We have a great deal of experience acting for landlords on commercial property matters and regularly advise the owners of commercial property on leases.


1. Can you buy a commercial property which is already occupied by a tenant?


Yes. Whether or not a property is occupied should be made clear in the sales material.You will need to ensure that you are fully aware of the status of the occupier and the terms of their occupation.You may be buying such a property as an investment, if, however, you wish to occupy the property for your own business you must have expert advice as to when that might be possible.


2. I have purchased a commercial property and I wish to rent it out. What terms should be included in the lease?


Our team of Commercial property solicitors can provide expert advice on what you might want to include in your lease.
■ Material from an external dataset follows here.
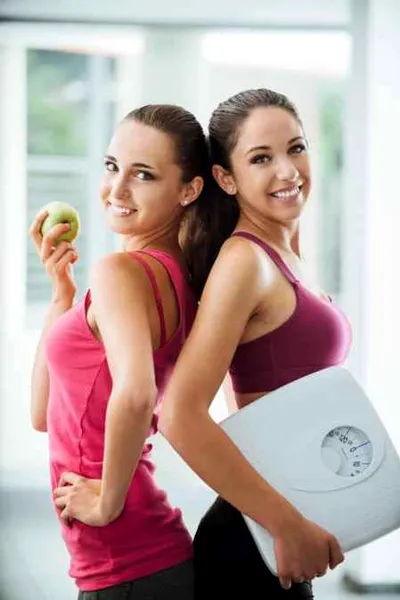 教你怎样扎蓬松花苞头 立体感编发小心机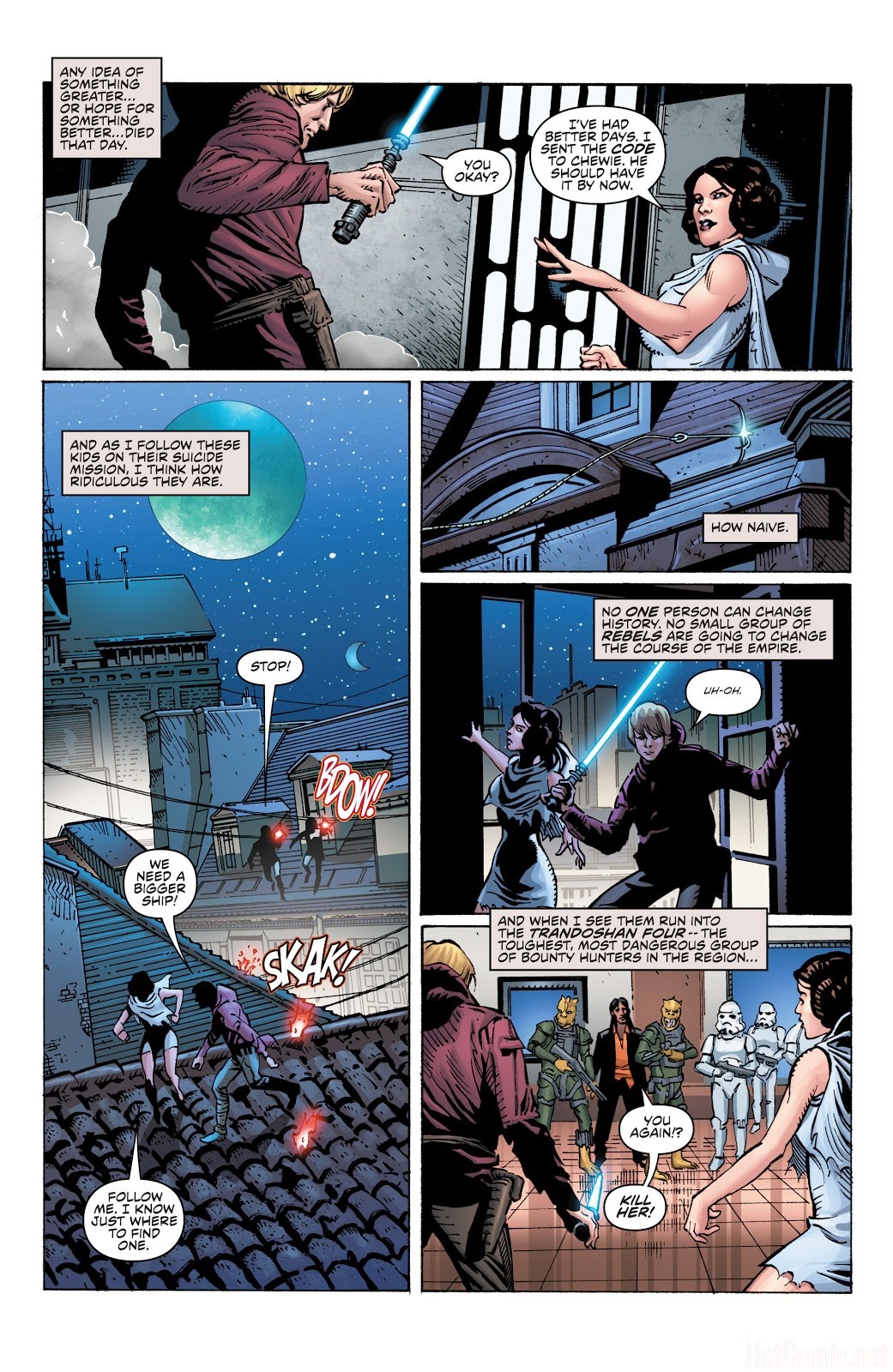 Rebel Heist Ep04 Pg11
You should also consider appointing a commercial property surveyor to market the property, advise you on terms that are acceptable in the market and negotiate the broad terms of the lease.Once agreement has been reached with a prospective tenant we can produce a draft lease based on the agreed terms.


There are many factors to consider when negotiating a lease for example:


  • Financial standing of the proposed tenant – should you be asking for a rental deposit or guarantor?  A surveyor can obtain relevant references and advise accordingly


  • Repair - if you are leasing the whole of the property to one tenant you will want, as far as possible, to make the tenant responsible for repair.  However many tenants will not take on liability for disrepair which is already there and may require either that you carry out work to bring it up to standard or that their repair obligation is by reference to the condition the property is in at the start of the lease, so that they do not have to put the property in any better state and condition that it is when the lease starts.  Evidence of condition would be recorded in a schedule of condition which is annexed to the lease.


  • Use - many commercial properties are used as offices, factories or warehouses, what use is required by the proposed tenant, does the property have planning permission for that use?


  •  Statutory obligations – there are number of legal requirements that have to be complied with by commercial property owners and occupiers, the lease will set out who is responsible for what. This covers matters such as health and safety and environmental obligations.


  •  Lease of Part – if you have a building or an estate with more than one letting unit you will need to manage the common parts and charge a service charge to cover the costs.


3. Can the tenant alter my commercial property?

Changes that a tenant may wish to make range from painting and decorating to significant structural alterations.  The lease will contain provisions which control what a tenant is able to do.  It is usually a requirement to keep the property in good decorative order with colours and finishes towards the end of the lease approved by the landlord.  Common alterations include the installation of partitions and minor structural alterations. Significant structural alterations are usually prohibited and would be the subject of specific negotiation if the tenant wished to carry them out.